The result_encryption
option controls how the Athens results will be encrypted at the output_location
. By default it's set to use the Amazon SSE encryption if you don't set it at all:
{ encryption_option: "SSE_S3" }
If you set it to nil
, it'll default to the bucket encryption settings. You can also use a customer kms key, see https://docs.aws.amazon.com/sdk-for-ruby/v3/api/Aws/Athena/Types/EncryptionConfiguration.html for the correct format.
Advanced Usage
Providing a database name to the connection is optional, if you omit the name you'll have to specify it in your query:
conn = Athens::Connection.new(database 'sample')
query = conn.execute("SELECT * FROM mytable")
# or
conn = Athens::Connection.new
query = conn.execute("SELECT * FROM sample.mytable")
While waiting for a query to finish, you could get one of two exceptions:
conn = Athens::Connection.new(database 'sample')
query = conn.execute("SELECT * FROM mytable")
begin
query.wait()
rescue Athens::QueryFailedError => qfe
# Query returned a failure message, qfe.message has details
rescue Athens::QueryCancelledError => qce
# Query was canceled (usually by the user), qce.message has details
end
When a query is running you can do a few things:
conn = Athens::Connection.new(database: 'sample')
query = conn.execute("SELECT * FROM mytable")
query.state # Returns one of QUEUED, RUNNING, SUCCEEDED, FAILED, or CANCELLED (https://docs.aws.amazon.com/sdk-for-ruby/v3/api/Aws/Athena/Types/QueryExecutionStatus.html#state-instance_method)
query.state_reason # Further details from AWS about the state
query.query_execution_id # The id of the query returned from AWS
query.cancel # Attempts to cancel an in-progress query, returns true or false (if the query has already finished this will return false)
query.to_a(header_row: false) # If you want your query results returned without a header row of column names
The execute method also optionally supports the request_token
and work_group
parameters:
conn = Athens::Connection.new(database: 'sample')
query = conn.execute("SELECT * FROM mytable", request_token: single_use_token, work_group: my_work_group)
Development
After checking out the repo, run bin/setup
to install dependencies.
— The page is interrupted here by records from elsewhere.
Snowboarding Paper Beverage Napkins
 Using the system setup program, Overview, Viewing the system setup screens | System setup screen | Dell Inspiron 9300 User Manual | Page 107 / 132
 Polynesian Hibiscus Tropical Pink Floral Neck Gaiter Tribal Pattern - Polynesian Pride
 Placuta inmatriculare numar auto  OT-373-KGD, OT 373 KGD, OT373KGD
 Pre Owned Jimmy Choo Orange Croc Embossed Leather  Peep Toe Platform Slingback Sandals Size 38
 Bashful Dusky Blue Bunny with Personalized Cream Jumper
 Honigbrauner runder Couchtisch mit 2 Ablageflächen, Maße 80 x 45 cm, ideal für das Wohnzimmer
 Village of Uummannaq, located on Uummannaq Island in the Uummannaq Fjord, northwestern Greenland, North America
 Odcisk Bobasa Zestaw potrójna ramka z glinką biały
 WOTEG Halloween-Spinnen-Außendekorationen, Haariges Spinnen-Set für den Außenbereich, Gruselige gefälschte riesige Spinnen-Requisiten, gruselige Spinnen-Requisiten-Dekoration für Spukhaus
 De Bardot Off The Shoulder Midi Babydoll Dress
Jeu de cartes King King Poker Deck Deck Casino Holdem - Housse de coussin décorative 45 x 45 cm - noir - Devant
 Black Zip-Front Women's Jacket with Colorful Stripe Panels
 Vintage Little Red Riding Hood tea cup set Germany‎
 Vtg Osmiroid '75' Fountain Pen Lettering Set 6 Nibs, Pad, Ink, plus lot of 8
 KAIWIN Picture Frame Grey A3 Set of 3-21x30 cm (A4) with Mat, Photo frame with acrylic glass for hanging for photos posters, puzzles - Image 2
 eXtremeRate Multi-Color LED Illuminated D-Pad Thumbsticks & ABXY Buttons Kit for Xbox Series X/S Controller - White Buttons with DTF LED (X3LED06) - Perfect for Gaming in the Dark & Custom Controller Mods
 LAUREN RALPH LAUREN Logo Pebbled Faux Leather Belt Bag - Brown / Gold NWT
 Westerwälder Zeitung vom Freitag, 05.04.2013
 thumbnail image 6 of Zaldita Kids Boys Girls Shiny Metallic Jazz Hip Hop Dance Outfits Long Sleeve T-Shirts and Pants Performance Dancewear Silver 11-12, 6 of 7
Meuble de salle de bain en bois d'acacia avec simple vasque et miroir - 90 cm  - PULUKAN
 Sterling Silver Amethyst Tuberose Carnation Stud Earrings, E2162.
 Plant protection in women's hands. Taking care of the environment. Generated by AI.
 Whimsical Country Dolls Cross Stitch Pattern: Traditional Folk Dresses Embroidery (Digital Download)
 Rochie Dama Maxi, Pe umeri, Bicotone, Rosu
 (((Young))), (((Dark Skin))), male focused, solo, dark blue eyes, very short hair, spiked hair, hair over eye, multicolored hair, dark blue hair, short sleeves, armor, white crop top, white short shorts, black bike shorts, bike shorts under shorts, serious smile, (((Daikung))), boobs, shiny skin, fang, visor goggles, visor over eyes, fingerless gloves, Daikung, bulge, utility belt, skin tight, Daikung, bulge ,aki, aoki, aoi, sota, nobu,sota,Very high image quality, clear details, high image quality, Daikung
You can also run bin/console
for an interactive prompt that will allow you to experiment.
If you want you can use Vagrant instead, there's already a Vagrantfile
so a simple vagrant up
should get you setup.
If you want to use Docker, grab a ruby image and boot into the console. Then install git and bash and you can run the bin/setup
script from there:
docker run --rm -it -v $(pwd):/app -w /app ruby:2.7-alpine /bin/sh -c 'apk add bash git;/bin/bash'
To install this gem onto your local machine, run bundle exec rake install
. To release a new version, update the version number in version.rb
, and then run bundle exec rake release
, which will create a git tag for the version, push git commits and tags, and push the .gem
file to rubygems.org.
Contributing
Bug reports and pull requests are welcome on GitHub at https://github.com/getletterpress/athens. This project is intended to be a safe, welcoming space for collaboration, and contributors are expected to adhere to the Contributor Covenant code of conduct.
License
The gem is available as open source under the terms of the WTFPL License.
Code of Conduct
Everyone interacting in the Athens project’s codebases, issue trackers, chat rooms and mailing lists is expected to follow the code of conduct.